Marc Tucker recently published a position paper arguing that our current system of test-based accountability, testing every student every year in grades 3-8, has failed and that we need a new approach. His approach, as Anthony Cody argued, would test at transition points but would still have high stakes and would test more subjects. Tucker wrote a post criticizing Cody and me and arguing that high-stakes testing is necessary to raise test scores and improve education.

Yong Zhao here weighs in with a brilliant response to Tucker, sharply disagreeing with him on the value of high-stakes testing.

Zhao points to Tucker’s inconsistency thus:

“Why does one who condemns test-based accountability system so much want more test-based accountability? The inconsistency exemplified by Marc Tucker does not make sense to me at all. Yet it is widespread so it must make sense in some way. I try to put myself in the shoes of Tucker and other similarly minded people and learned the chain of reasoning underlying their inconsistency:

“Premise #1: Education quality matters to individual and national prosperity.

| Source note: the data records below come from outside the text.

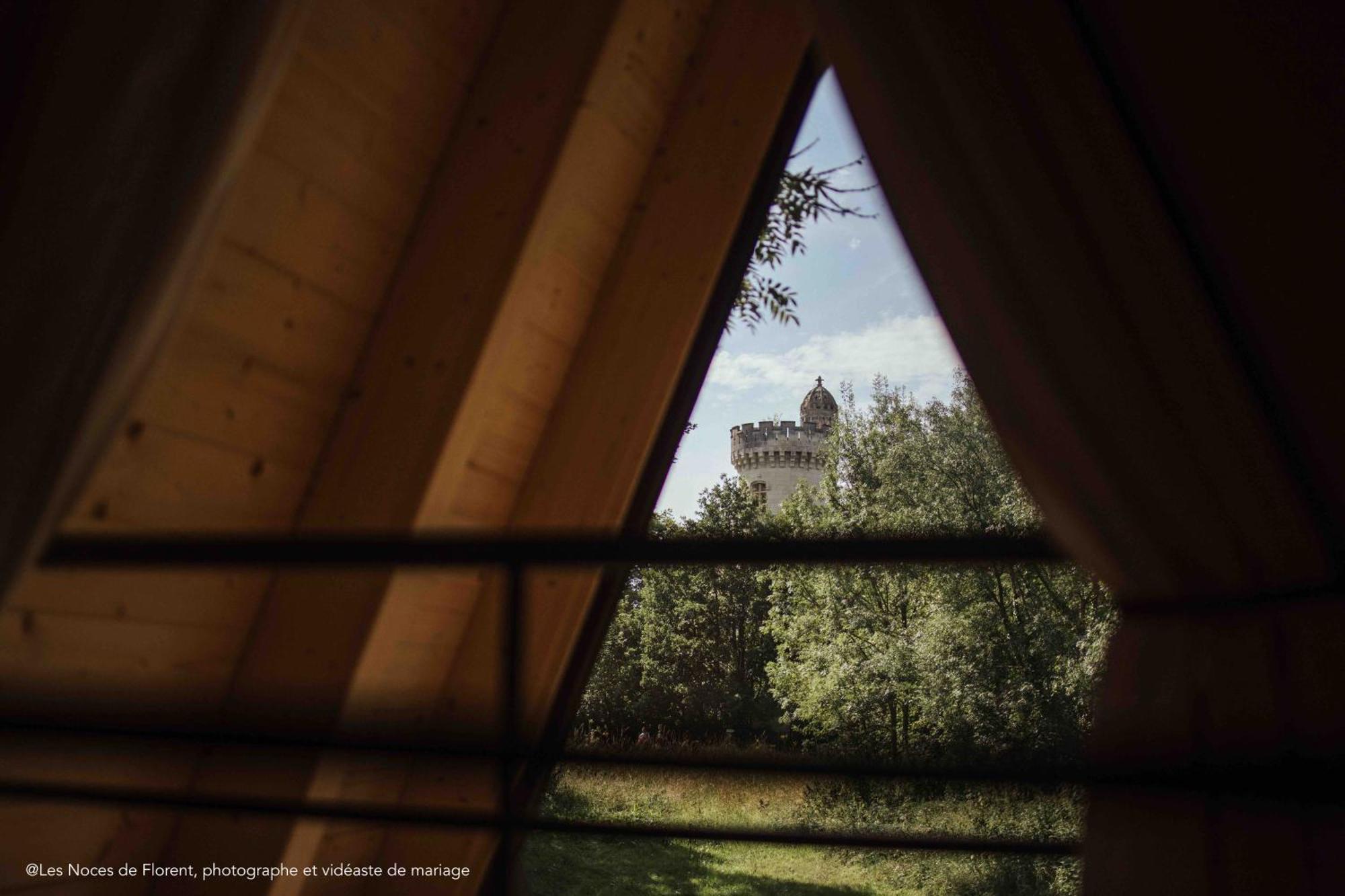 De Reve Dans Un Chateau De Conte De Fees Apartment Les-Trois-Moutiers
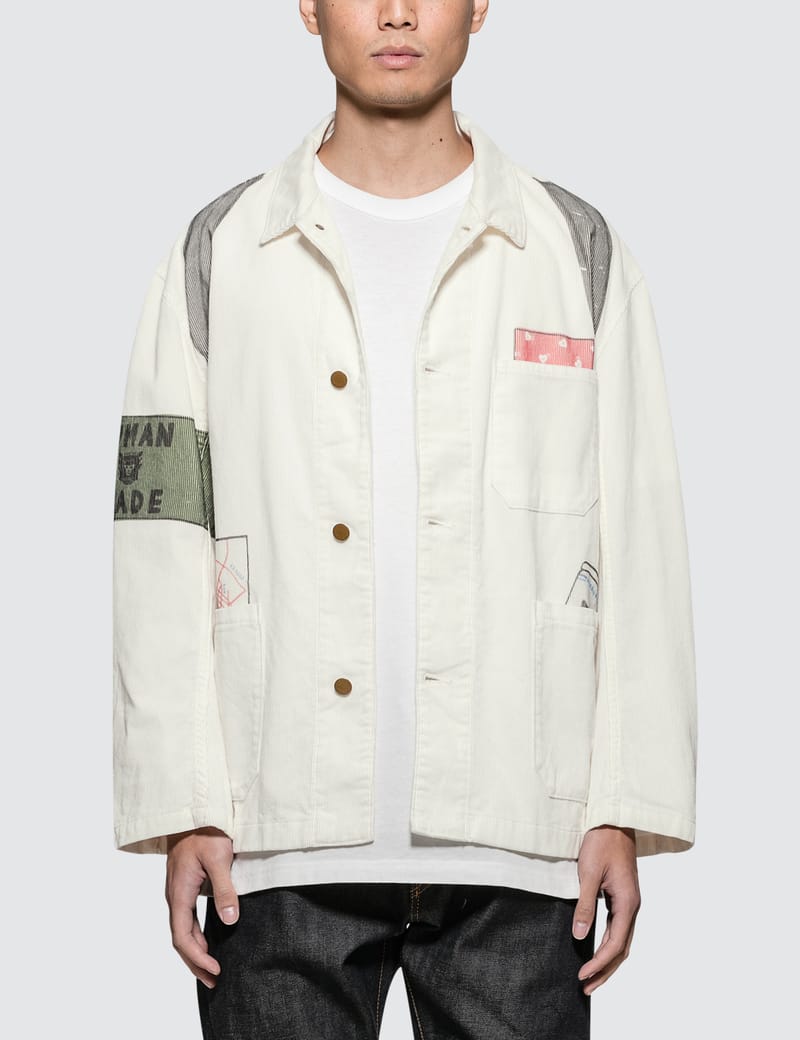 Human Made - Corduroy Memorial Jacket 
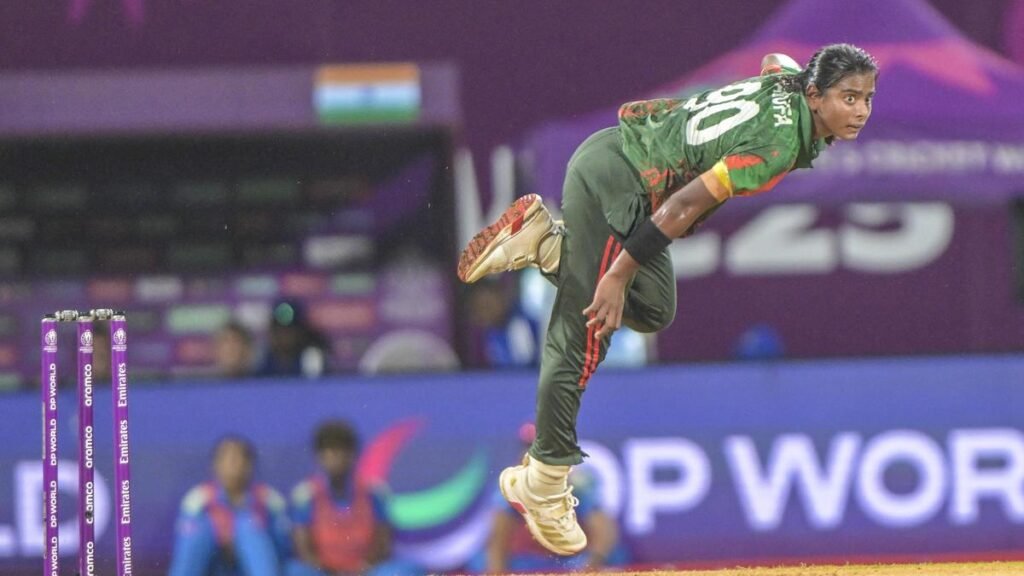 Bangladesh vs Indonesia Highlights, Women’s Asia Cup 2026: BAN beats INA by 71 runs to start with win Bangladesh vs Indonesia Highlights, Women’s Asia Cup 2026: BAN beats INA by 71 runs to start with win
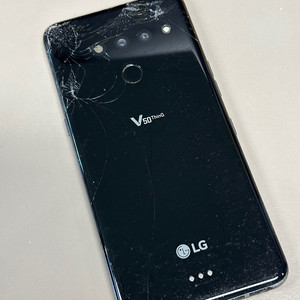 LG V50 블랙 128기가 게임용 부품용 7만원에 판매합니다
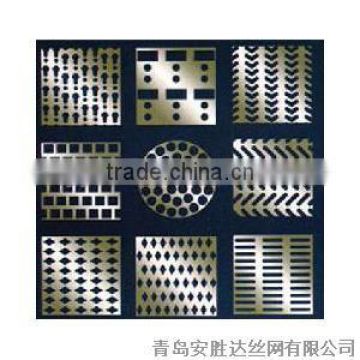 angle perforated stainless steel(factory price)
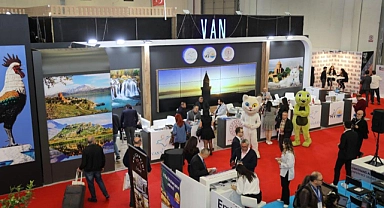 Van Kültür Turları Dalında  "En iyi destinasyon tanıtımı" ödülüne layık görüldü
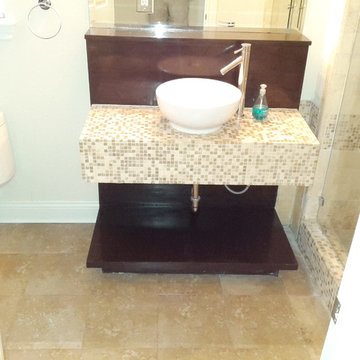 Tub to Shower Conversions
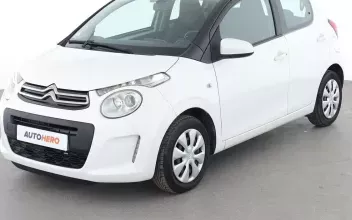Citroen C1 Issy-les-Moulineaux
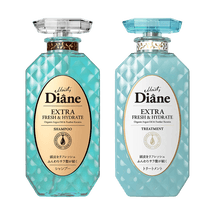 パーフェクト ビューティー エクストラ フレッシュ アンド ハイドレート トリートメント 450ml+シャンプー 450ml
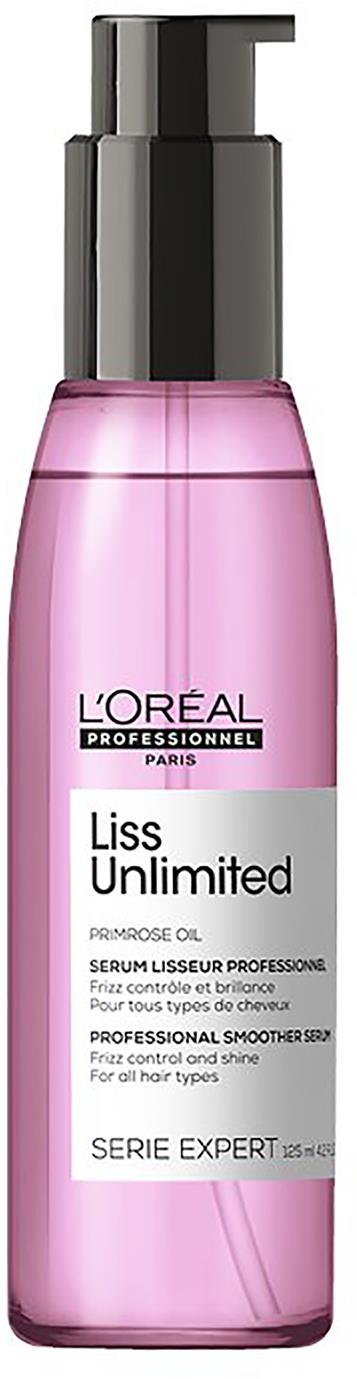 L'ORÉAL PROFESSIONNEL Serie Expert Liss Unlimited Smoother Serum 125 ml
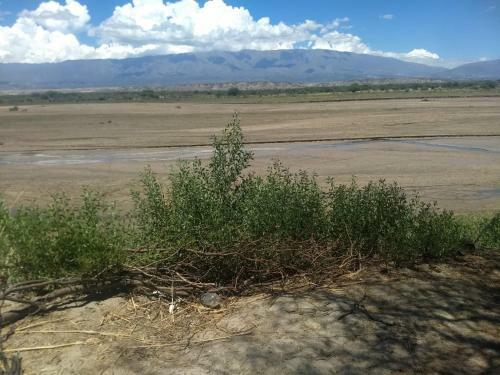 Camping Agreste El Algarrobo de Quilmes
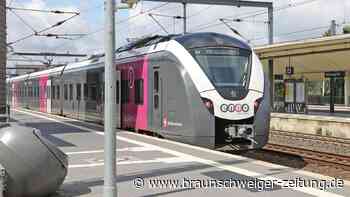 Bauarbeiten auf Strecken von Westfalenbahn, Enno und DB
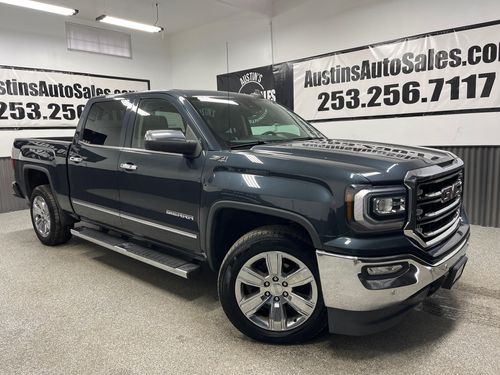 413242 - 2017 GMC Sierra 1500 SLT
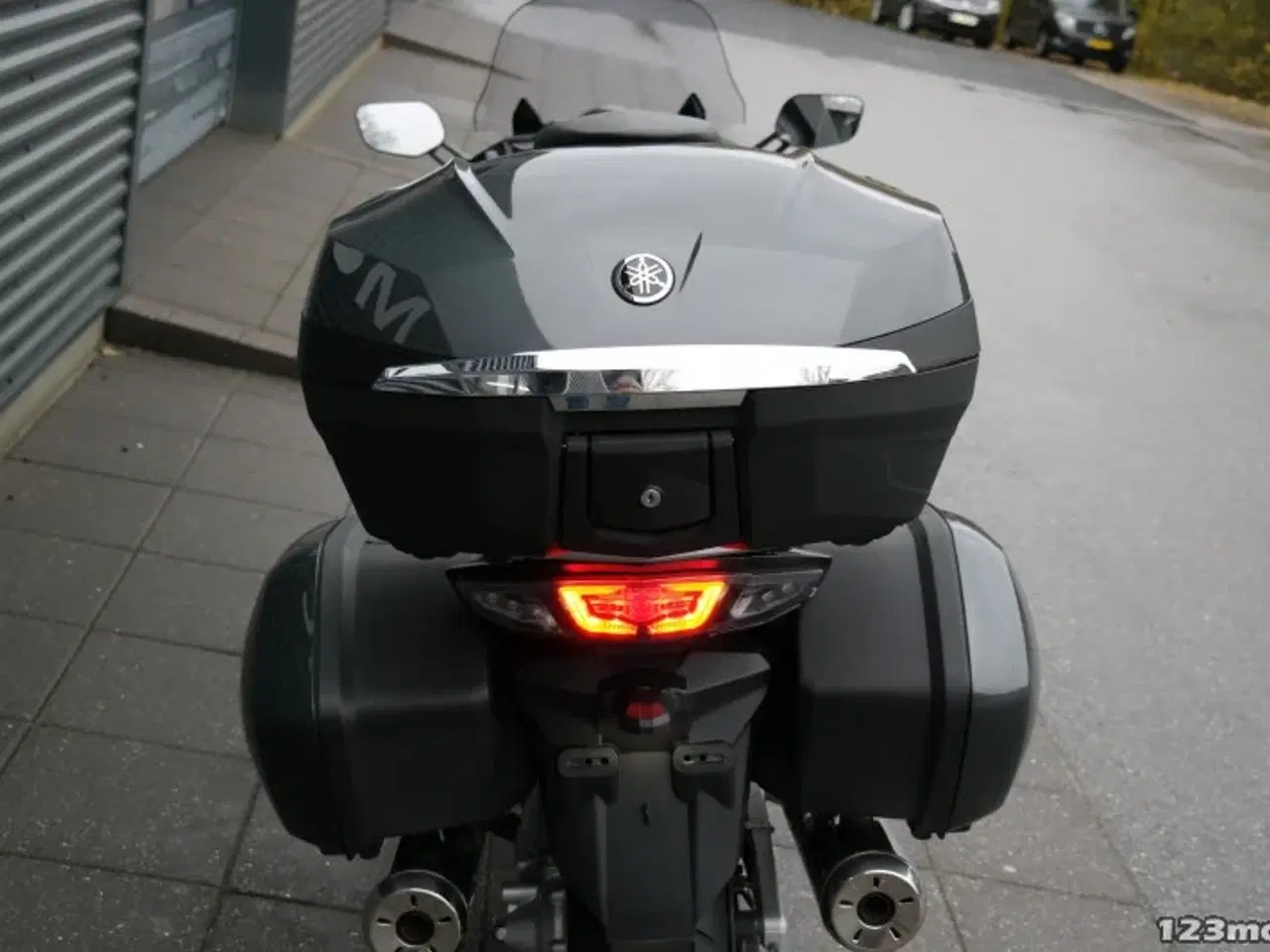 Billede 5 - Yamaha FJR 1300 A MC-SYD BYTTER GERNE
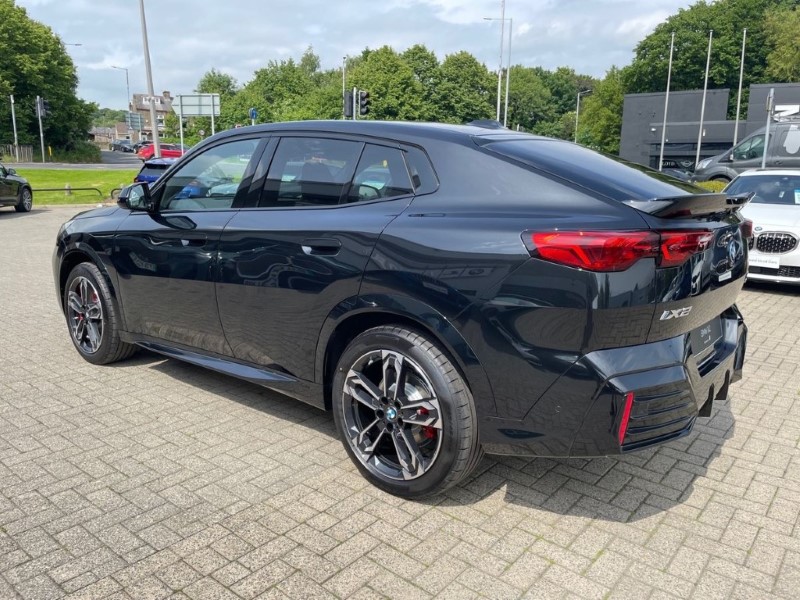  BMW iX2 230kW xDrive30 Shadow Edition 65kWh 5dr Auto 5510523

“Premise #2: Education is a top-down process through which students are instilled the prescribed content and skills (curriculum) deemed universally valuable by some sort of authority.

“Premise #3: Teachers and schools are responsible for the quality of education, i.e., instilling in students the prescribed knowledge and skills.

“Premise #4: How well students master the prescribed knowledge and content is measured by tests.

“Conclusion #1: Thus test scores measure the quality of education, and thus the capacity for individuals and nations to be economically prosperous.

“Conclusion #2: American students have lower test scores on some international tests, thus American schools offer a lower quality education than countries with higher test scores.

“Conclusion #3: Therefore, American teachers must be less effective than their counterparts in other countries.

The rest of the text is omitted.